Everyone's happy, especially England's neighbors, the German, French and Russian leaders. After all, when England's holdings have been taken, who will be the ones to have done the taking? And they all talk nice about splitting up England equitably, but they' more secure. And all the other leaders say how nice the situation is too, all part of this grand plan, and aren't they all going to be rich together. But they're really wondering how they're going to be safe after the English demise causes Germany, France and Russia to outgrow them.
And so everybody smiles, and everybody starts to get tense. You see, the big flaw in this scheme is that there's no sunset provision to allow for a planned dissolution of the coalition. Everyone talks as if it will last forever, but everyone knows it can't. This idea allows the powers to steal wealth from investors, but the best way to steal wealth from other powers is to reduce the value of their own currency, and that requires military action.
Behind closed doors, people worry, they think about how things might fall apart and how soon that might happen. They consider trying to set up sub-alliances of powers who would agree in secret to jointly break the agreement together (for if one person did so alone, the other five members of the coalition could retaliate together and that one person would follow England into history). These devious fellows get more sophisticated in their thinking. One tries to think up ways of setting up a false sub-alliance with the intent of enticing one power to break the coalition, expecting others to do so at the same time, only to find that he's done so alone and brought the forces of the coalition against him. The plot gets quite thick and it's all very exciting, not as an action movie but from the perspective of the mind games that go on.

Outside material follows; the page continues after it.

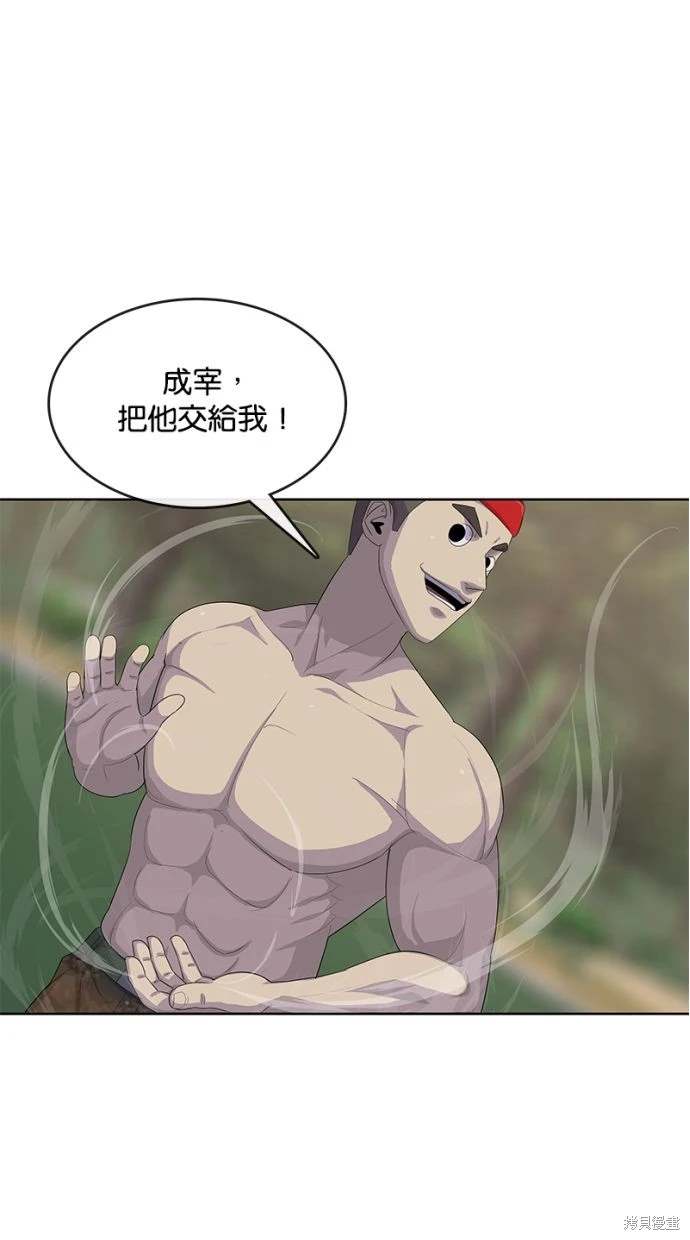 第160话14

Alas, unfortunately, just a couple of weeks after I started to get rolling with this movie plot, a new movie opened up around here called Conspiracy Theory, starring Mel Gibson and Julia Roberts. And I really couldn't think up an alternative movie title that would do my idea justice, so rather than do as I had planned and write up a detailed synopsis so that I could shop around for a movie studio in Hollywood, I decided to scrap the whole thing. Then I decided that if I couldn't share my idea with the public as a movie, I could at least write it up for The Diplomatic Pouch and share it with the readers there. Pity things couldn't have worked out better, though, isn't it?
Of course had this movie eventually made it to the big screen, at the end of the movie credits would scroll the standard disclaimer:
"This motion picture is a work of fiction. Any similarity between the events or people depicted in this motion picture and events or people, living or dead, who may have been playing in a bourse Diplomacy game called dippouch is purely coincidental. Really. This plot is not, we repeat, not based on a true story, and even if it were, we wouldn't be able to admit it without getting into trouble. Could you imagine any self-respecting Diplomacy players pulling a stunt like that?"
And if you are wondering what ever happened to the dippouch game which has nothing to do with this article, much like my movie idea the game came to a premature end before its full potential could be realized. Things started to get quite interesting, but nowhere near as interesting as they were headed. Maybe I'll write an article about it sometime.